Ciascuna delle tre compagini ha presentato un’offerta per entrambi i lotti. Non siamo quindi davanti a sei concorrenti differenti, ma agli stessi tre soggetti che partecipano a tutte e due le parti della gara.
Questo ridimensiona profondamente la rappresentazione del Comune, secondo cui il bando avrebbe registrato un «forte interesse da parte del mercato». La concorrenza effettiva è limitata a tre soggetti.
Inoltre, la principale criticità che avevo segnalato fin dalla pubblicazione del bando si sta ora manifestando con chiarezza. Il Comune ha diviso il servizio in due lotti, ma non ha impedito allo stesso concorrente di aggiudicarseli entrambi.
Camst si presenta insieme a Cirfood e Gemos in un’unica associazione temporanea d’impresa, candidata su tutti e due i lotti, con la sola variazione del capogruppo: nel Lotto 1 è Camst; nel Lotto 2 invece è Gemos.
In altre parole: fatta la divisione in lotti, trovato il modo per ricomporre l’intero servizio e conservare il monopolio. La stessa compagine può vincere entrambe le gare e continuare a gestire tutta la refezione scolastica di Bologna. È esattamente il rischio che avevo denunciato: cambiare la forma del bando senza superare realmente la concentrazione in capo a un unico soggetto.

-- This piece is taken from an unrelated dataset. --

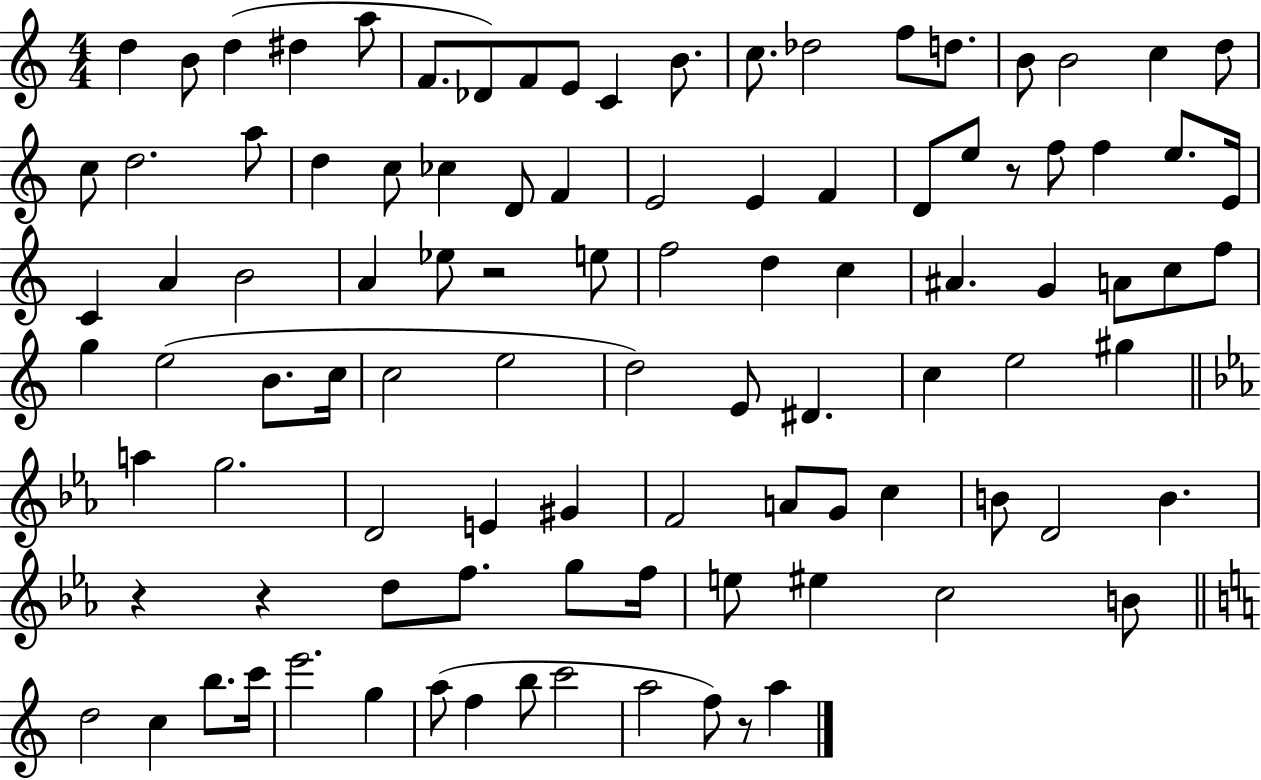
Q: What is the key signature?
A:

Dopo il bando del 2025 andato deserto e i rilievi dell’Autorità nazionale anticorruzione, il Comune avrebbe dovuto introdurre un limite chiaro: nessun concorrente avrebbe dovuto potersi aggiudicare entrambi i lotti. Non lo ha fatto e oggi Camst, attraverso l’ATI con Cirfood e Gemos, è nelle condizioni di aggiudicarsi tutto.
Se questo raggruppamento dovesse vincere entrambi i lotti, è evidente che la loro suddivisione si rivelerebbe poco più che un espediente formale: due aggiudicazioni sulla carta, un solo blocco imprenditoriale nella realtà. Per evitare questo rischio sarebbe stato preferibile prevedere tre lotti distinti, uno per ciascun centro di produzione dei pasti, e soprattutto vietare l’aggiudicazione dell’intero servizio allo stesso concorrente.
Anche sulla continuità occupazionale occorre fare chiarezza. La tutela dei lavoratori non dipende dalla conferma dell’attuale gestore e non può essere utilizzata per giustificare la concentrazione del servizio. Il bando contiene già una specifica clausola sociale: chi si aggiudicherà l’appalto dovrà assorbire prioritariamente il personale già impiegato, senza patto di prova e mantenendo le condizioni economiche e normative previste. La continuità occupazionale, dunque, non è mai stata in pericolo, anzi il nuovo operatore sarà “costretto” a migliorare le attuali condizioni in quanto fino ad oggi, avendo consentito il subappalto nella distribuzione e nei trasporti, ci sono operatori con contratti multiservizi che verranno sicuramente trasformati in contratti Ccnl turismo (con condizioni migliori).
Il vero tema rimane dunque quello della concorrenza, della qualità del servizio e della possibilità di avere più gestori realmente responsabili e verificabili. Parliamo di un appalto da circa 56 milioni di euro per tre anni, che può superare i 111 milioni con il rinnovo, e di un servizio essenziale per migliaia di bambini e famiglie.
Ora vigileremo sull’esito della gara per capire se il nuovo bando produrrà un cambiamento concreto o se Bologna avrà modificato soltanto la struttura formale dell’appalto, lasciando intatta la concentrazione dell’intero servizio.